It was by a seemingly homeless guy talking on youtube, actually one of the kernel developers who had wandered into the presentation room and seeing the podium decided to start talking to nobody in particular. I think they lured him into there with snacks but anyway. He knew a lot about kernel development.

Anyway several things that made it interesting was that he discussed the resolution of the scary kernel bug that came out a year ago as well as some changes that might affect all of us in the near future (near meaning within 5 years).

@Jumi has a thread (here about this terrible secret Intel feature which turned unsurprisingly into a security hole. The video spends some time discussing how that was fixed in Linux and how the fix is still ongoing.

This would interest developers:
Around minute 22 the presenter discusses a new change within the Kernel, an experimental virtual, turing complete computer within the kernel. They are calling it the BP Filter. Its job is to make the kernel more adaptable and smaller in size, and he discusses the security of it and what it will do. If implemented it will help smart phones get updated more often.

This might interest more people who are not developers:
Around minute 32 he discusses the problem with smart phones that they are very often running kernels that are never updated, never or rarely patched. He mentions some changes to Android requiring particular versions of kernels and ties this also with the idea of the new BPF which will bring android smart phones somewhere into the realm of security. (What they really aren't right now.)

He doesn't mention this but in fact at this moment the only cheap smart phones with any measure of security are brand new android phones and i-phones. For a phone to be secure it has to have an up to date kernel.
 

Ellen Brown

Well-Known Member
I have an LG A....... something and it does really strange things at times. Shakes head, and walks off mumbling to self...
 

Revoltingest

Pragmatic Libertarian
Premium Member
nerds.jpg
 

GoodbyeDave

Well-Known Member
The goal for Android is to turn it from a modified Linux kernel to a pure Linux kernel with plug-ins. That will make it far easier to maintain.

At least with Linux there are people who actually know what's inside it! With Windows, for reasons of commercial security almost all of the developers are only allowed to see the code they are working on; all the other modules are just black boxes to them. There are only a handful of people trusted to look at anything.
 

Ellen Brown

Well-Known Member
The goal for Android is to turn it from a modified Linux kernel to a pure Linux kernel with plug-ins. That will make it far easier to maintain.

At least with Linux there are people who actually know what's inside it! With Windows, for reasons of commercial security almost all of the developers are only allowed to see the code they are working on; all the other modules are just black boxes to them. There are only a handful of people trusted to look at anything.

Same with intel when I was there.
 

Shaul

Well-Known Member
Premium Member
Gill dang it, now I have to start questioning Linux too?! Oh well, back to CP/M. Or maybe my trusty TI 99/4A. Where’s Dennis Ritchie when we need him?!
 

Brickjectivity

wind and rain touch not this brain
Staff member
Premium Member
For those following here is a little more info.
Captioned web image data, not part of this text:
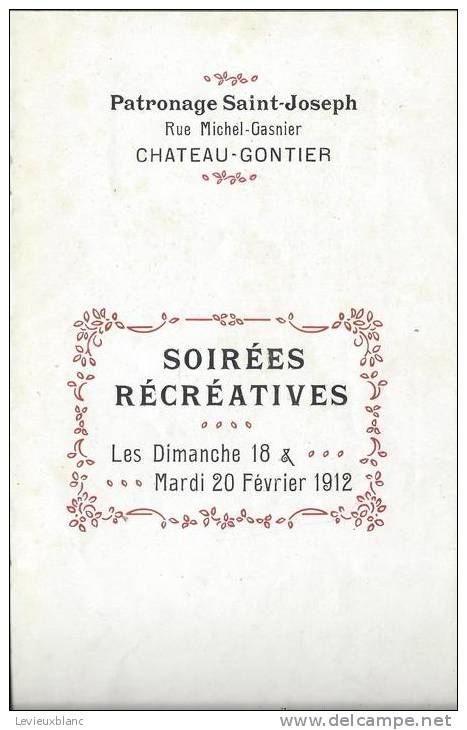 Patronage Saint-Joseph De Chateau-Gontier/Soirées Récréatives/ 1912   PROG49 - Programma's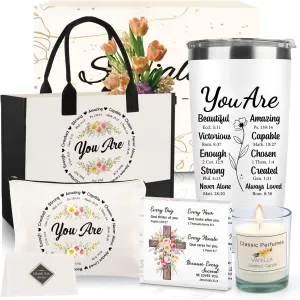 Christian Gifts for Women Faith, Religious Birthday Present for Women, 6 PCS Catholic Canvas Tote Bag for Friends Sister Wife Girlfriends Coworker Mom Boss Lady, Mothers Day Gifts for Mom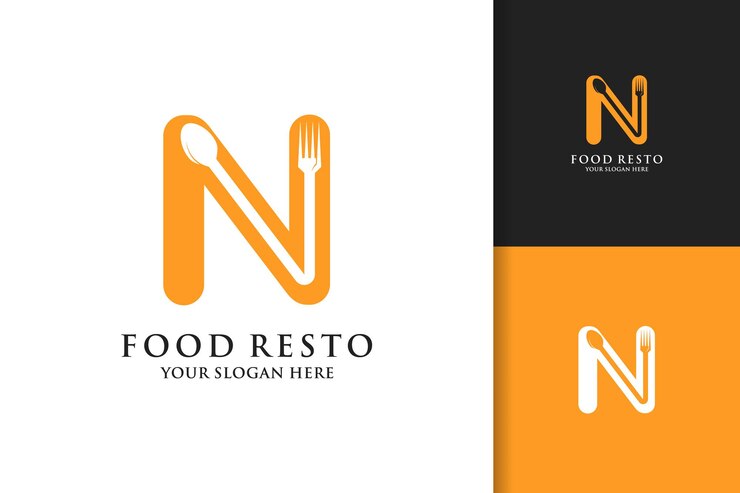 Löffel Gabel Buchstabe N Food Restaurant Inspiration Logo
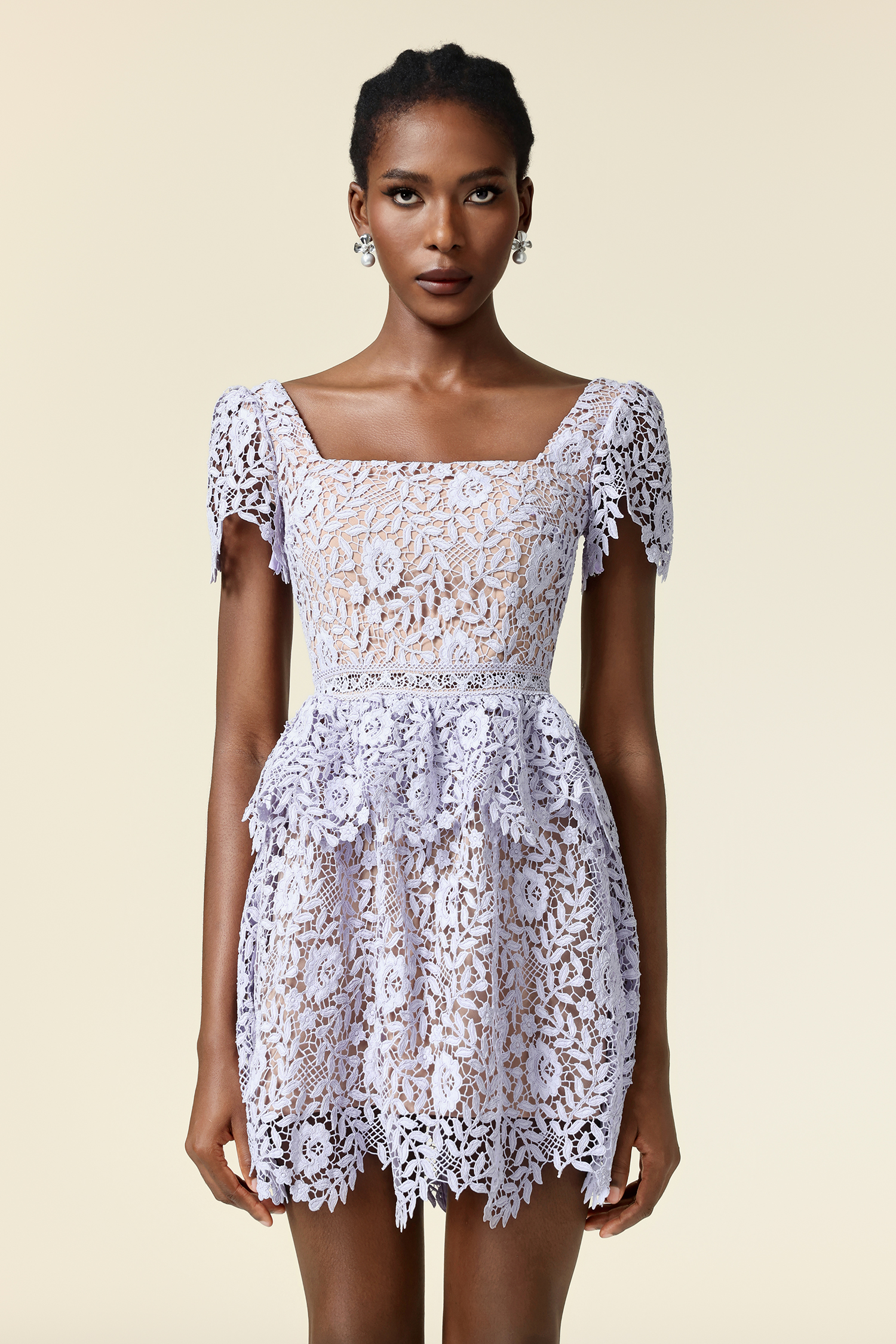 Metta Short Sleeves Lace Mini Dress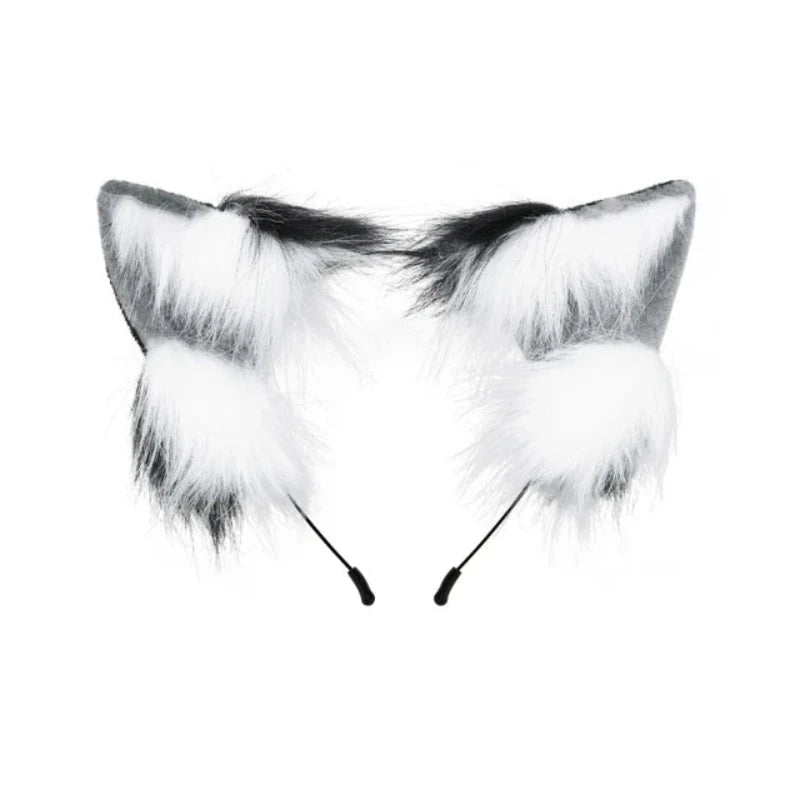 Women Girls Cartoon Fox Ears Shaped Headband Plush Hair Hoop Cosplay Accessories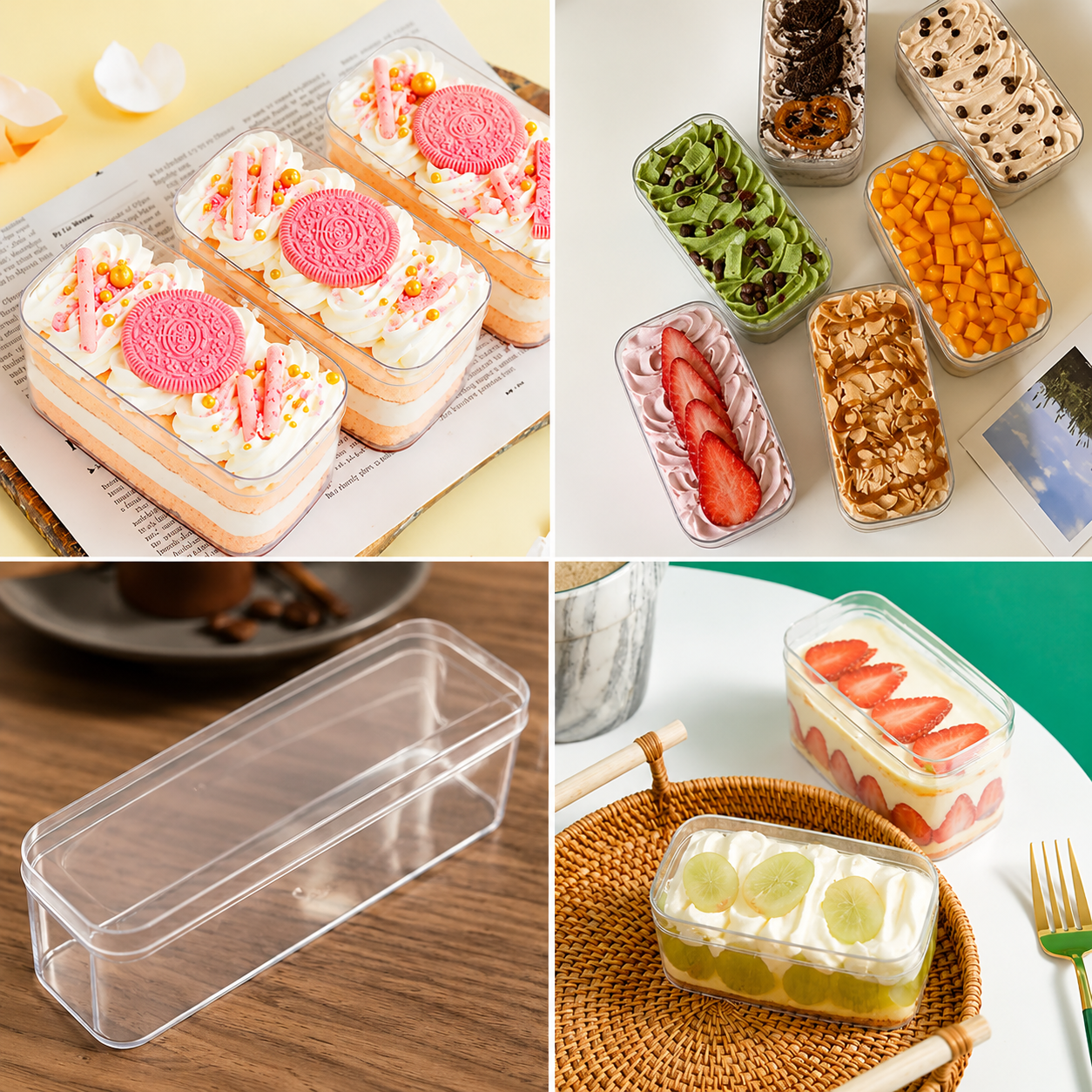 Acrylic Transparent Rectangular Tub 400ml
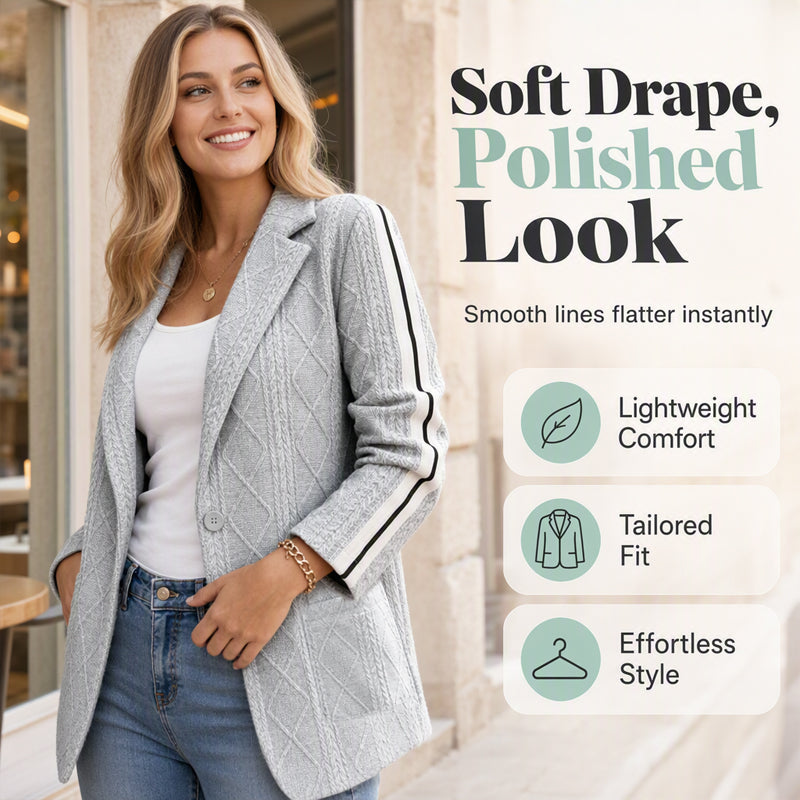 🧶 Polished Look, Relaxed Comfort | Women's Cable Knit Stripe Blazer ⚡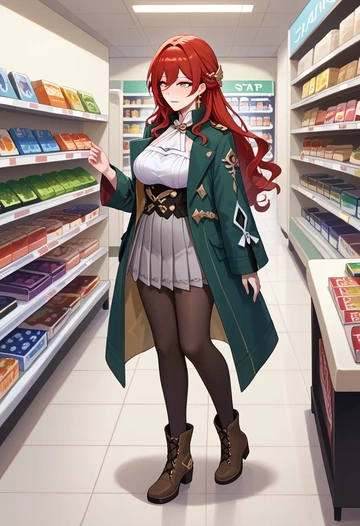 star rail,himeko,winter,student uniform,duffle coat  - AI generated anime art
This new BP filter code in the kernel has opened a different type of programming in which programs are not run with a scheduler. They are short programs which run to completion, don't sleep, don't pause, event driven. They are server type programs like daemons.

They have an advantage over typical user-mode programs (for some things mostly server related), because they are able to access kernel resources without being a security risk where a user-mode program would create a security risk. They don't panic the kernel, so they are a safer for testing on working systems than a kernel mode driver. According to the following video they are already in heavy use by Netflix, Facebook and Cloudflare; and they allow better faster testing of kernel use.

The presenter compares them to Node Javascript api's since they run without scheduling or context switching.

Are they an actual new programming paradigm? I think that is a slight overstatement, but we will see.